WORK REQUEST: Without changing a word, copy every line of the listing below and leave out the images.

*** INPUT DATA Section Begins ***

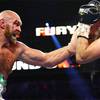 Fury defeats Wallin in a bloody battle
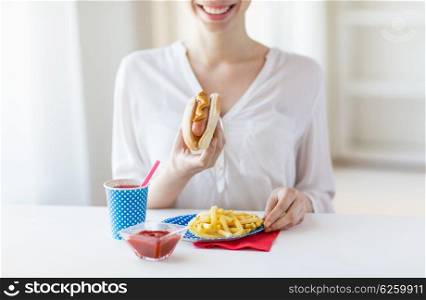 national holidays, celebration, food and patriotism concept - close up of happy woman eating hot dog and french fries with drink in paper cup at 4th july at party on american independence day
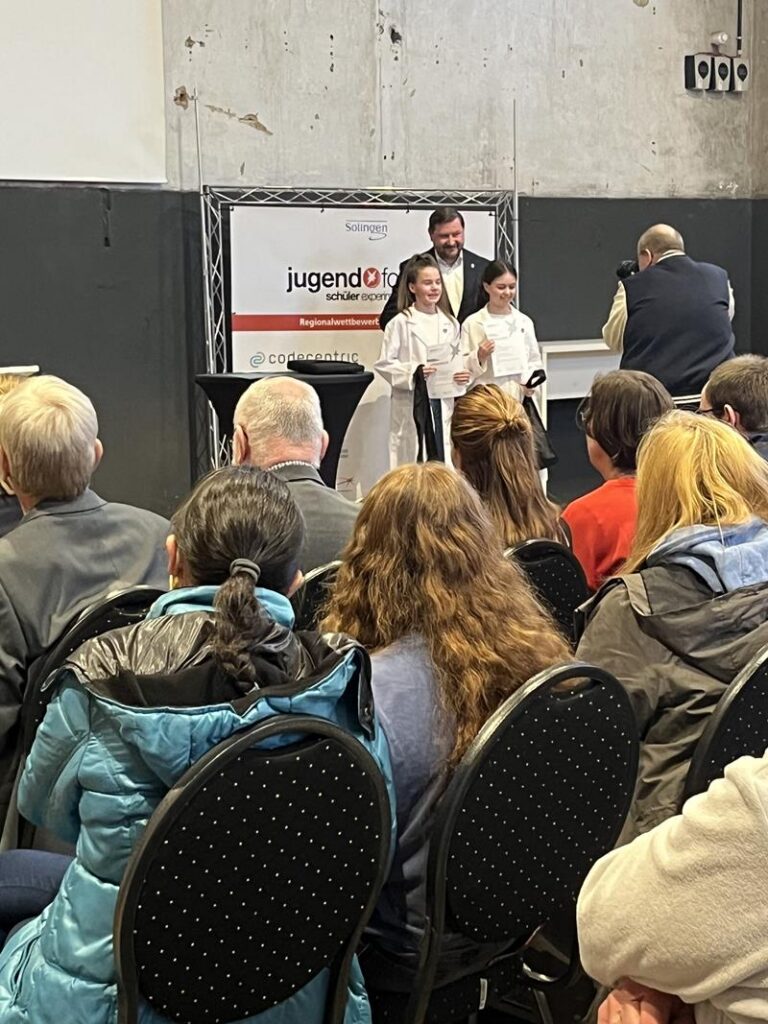 Zwei Kinder stehen auf der Bühne und präsentieren etwas vor einem Publikum.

*** INPUT DATA Section Ends ***

EXERCISE RESULT:
 Fury defeats Wallin in a bloody battle
 national holidays, celebration, food and patriotism concept - close up of happy woman eating hot dog and french fries with drink in paper cup at 4th july at party on american independence day
 Zwei Kinder stehen auf der Bühne und präsentieren etwas vor einem Publikum.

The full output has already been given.